> [Available data]
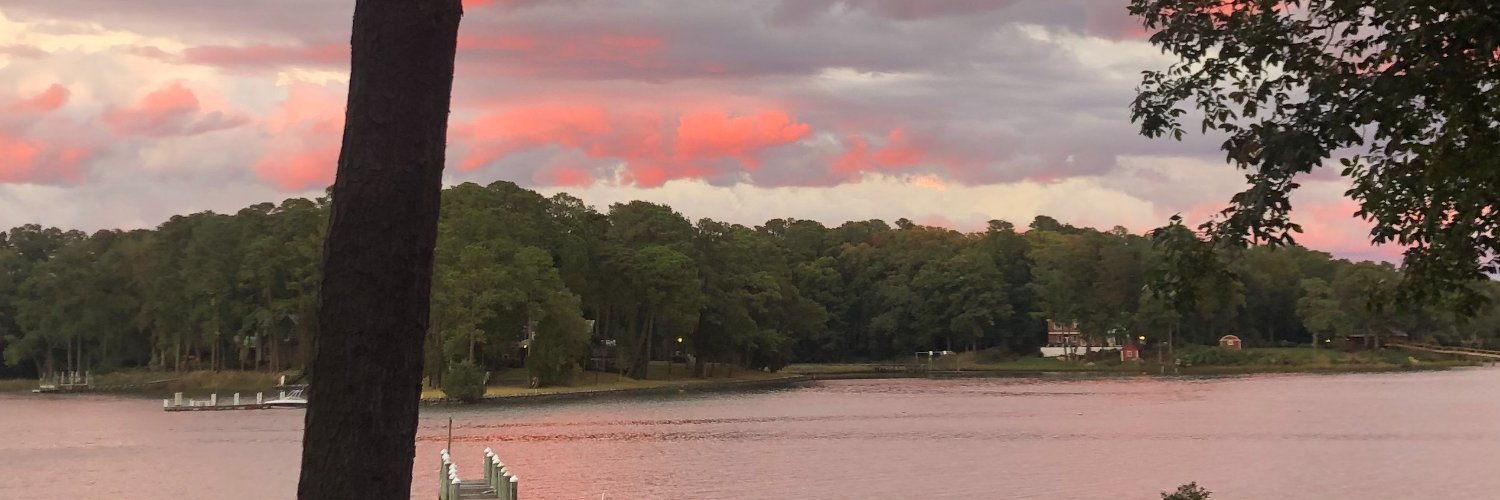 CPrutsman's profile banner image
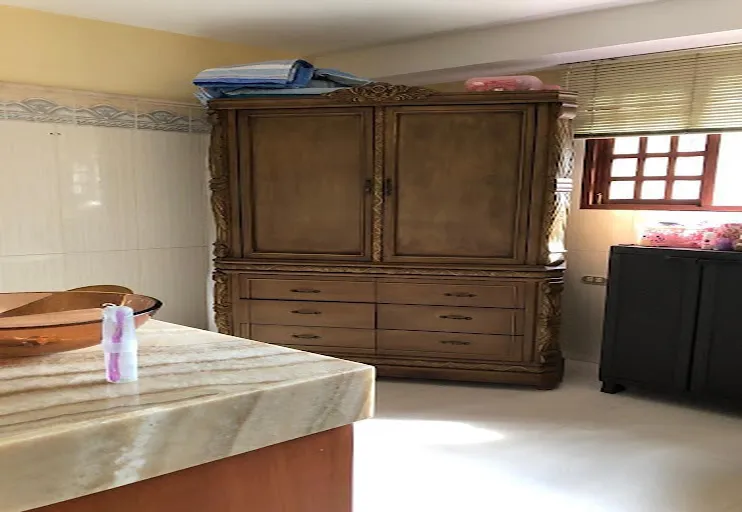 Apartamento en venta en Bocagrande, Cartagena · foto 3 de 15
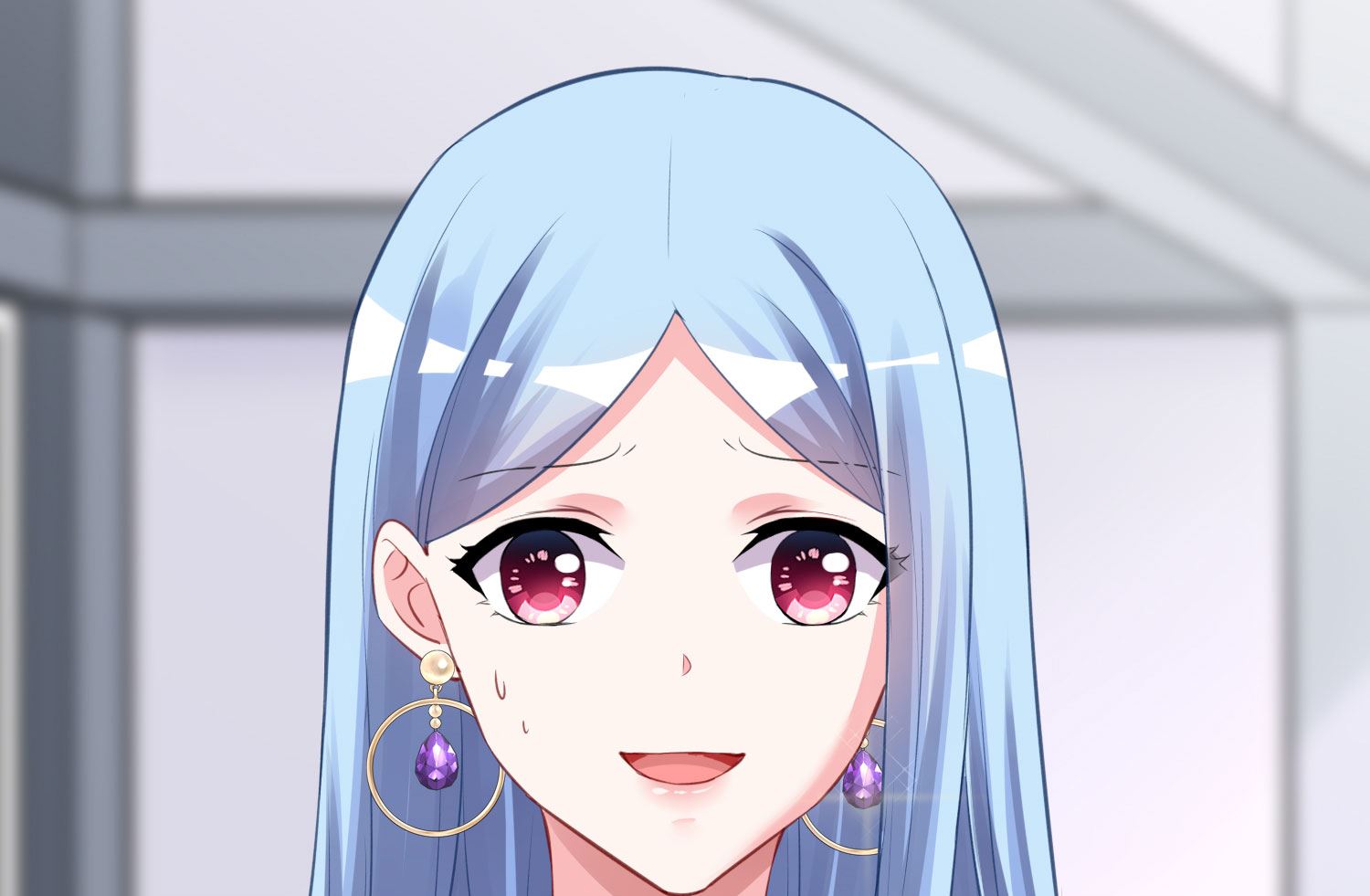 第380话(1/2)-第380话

> [Your task]
Your answer should contain all the material above, written out exactly, and none of the pictures.

> [Exercise response]
 CPrutsman's profile banner image
 Apartamento en venta en Bocagrande, Cartagena · foto 3 de 15
 第380话(1/2)-第380话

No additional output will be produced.